Samurai Bonds and Euro Bonds have slightly different story. Yen-denominated Samurai
Bonds are issued by overseas issuers and Euro Yen Bonds are traded in Euro Market. These
bonds will be exempt from Japanese income tax if they are traded among overseas investors
or sold from domestic sellers to overseas investors. However, if domestic investors buy those
bonds from overseas sellers, income tax will be levied in Japan according to the time period
that those bonds were held outside of Japan. In trading Samurai Bonds among domestic
investors, taxation will be the same as that on domestic yen bonds.
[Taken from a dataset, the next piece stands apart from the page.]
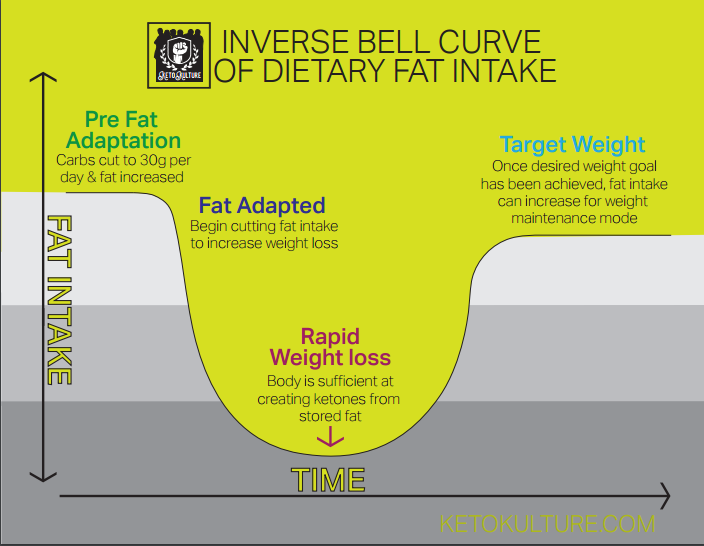 How Much Fat Should You Really Be Eating?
In trading Euro Yen
Bonds, even designated financial institutions will be taxed unless they are designated for
principal and coupon payment.
As described in 1.2.4., in the Japanese bond market, taxable bonds will trade cheap to its nontaxable counterparts by more than the tax amount itself. One should note that bonds that has
once been sold to overseas will trade very cheap in the domestic market except that the
transaction is made on coupon dates.